ACTIVITY: Repeat the data below exactly, dropping any pictures it holds.

PROVIDED MATERIAL:

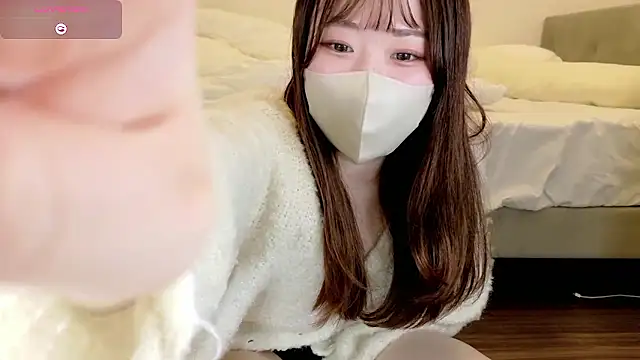 Snapshot of yura_ra_ra chatting on 05/28/26, 09:17 yura ra ra online show from 05/28/26, 09:17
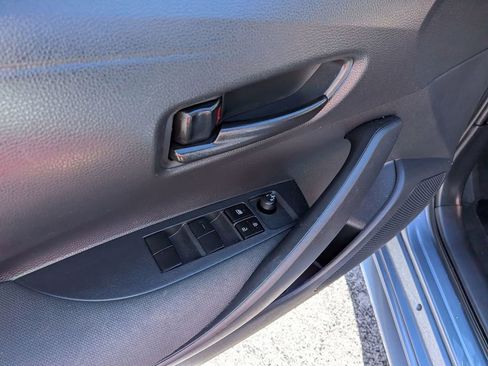 Used 2023 Toyota Corolla LE FWD image 11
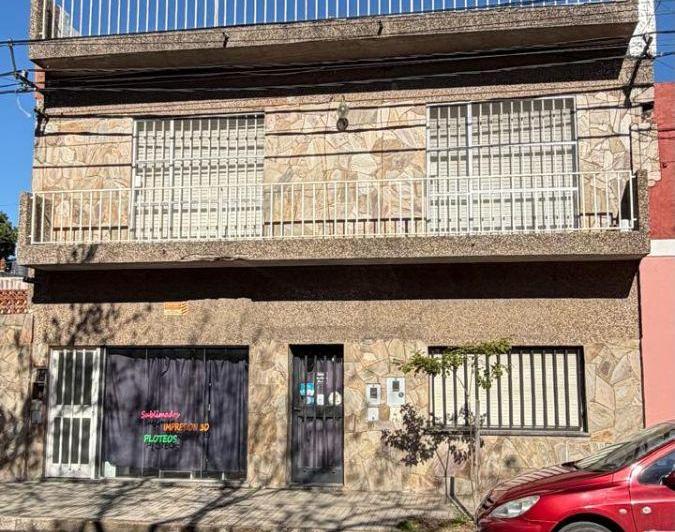 Casa en alquiler en Barrio Industrial · 3 ambientes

RESPONSE AREA:
 Snapshot of yura_ra_ra chatting on 05/28/26, 09:17 yura ra ra online show from 05/28/26, 09:17
 Used 2023 Toyota Corolla LE FWD image 11
 Casa en alquiler en Barrio Industrial · 3 ambientes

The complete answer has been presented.